An average of 19,000 children have been displaced every day in Lebanon over the past three weeks amid ongoing Israeli strikes, a UNICEF official said on Friday.
"In just three weeks, more than 370,000 children have been forced out of their homes in Lebanon, an average of at least 19,000 girls and boys displaced every single day," said Marcoluigi Corsi, UNICEF representative in Lebanon, during a UN briefing in Geneva.
To grasp the scale, he explained, this is the equivalent of "hundreds of school buses filled with children fleeing for their lives every 24 hours."
Corsi said the crisis has displaced roughly 20 percent of Lebanon's population in less than a month, with more than one million people uprooted. "The speed and scale are staggering," he said, describing a "sudden, chaotic mass displacement" that is "tearing families apart and hollowing out entire communities."

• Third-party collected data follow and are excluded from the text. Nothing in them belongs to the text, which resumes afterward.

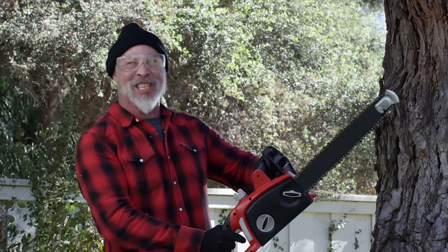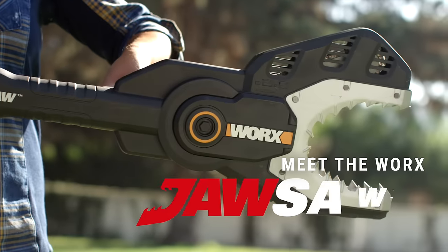Everybody get back! Daddy's sawing! Looking for a safer way to saw? Meet the WORX Jawsaw.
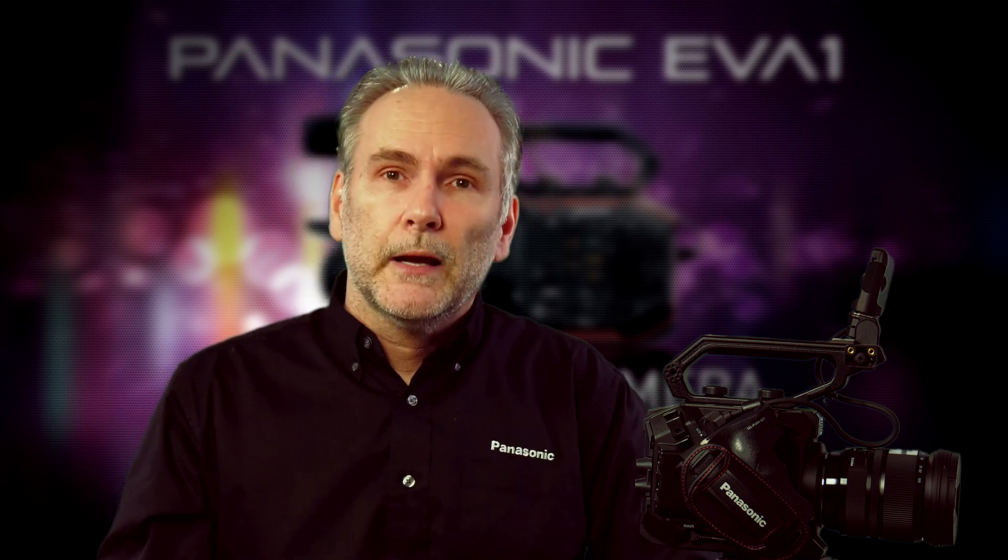That's white balancing and black balancing on the AU-EVA1. Hope you found this informative — stay tuned to the rest of these videos for even more tips and tricks on how to use your EVA1. I'll see you later.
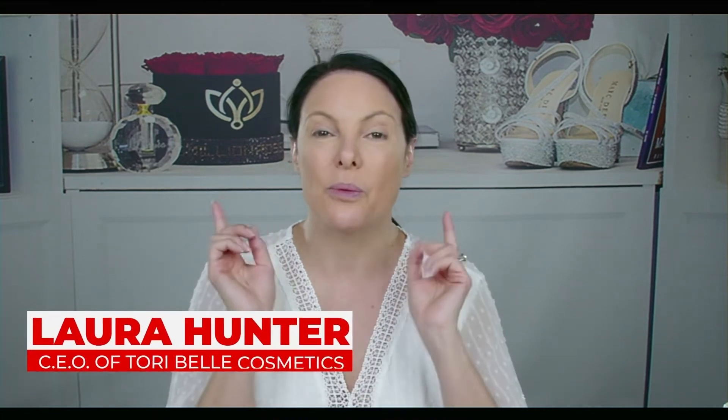Okay, so we have a really fun pro tip today. We're going to do Priscilla Presley's wedding look.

He warned of severe psychological consequences for children caught in repeated cycles of violence, saying the mental and emotional exhaustion weighing on them is "devastating."
"This relentless cycle of bombardment and displacement is severely compounding their psychological scars, embedding deep-seated fear and threatening profound, long-term emotional harm," Corsi said.
Deteriorating living conditions are adding to the toll, he noted, with more than 135,000 displaced people sheltering in over 660 sites, many overcrowded and unsafe. At least 121 children have been killed and 395 injured, he added.
"The human cost of this escalation is shocking," Corsi said, stressing that basic services are collapsing, with water systems damaged and over 435 schools now repurposed as shelters, disrupting education for more than 115,000 students.
"Children are paying the highest price for this conflict," he said, calling for "an immediate ceasefire" and urgent humanitarian access. "They need to stop running and start living as children should."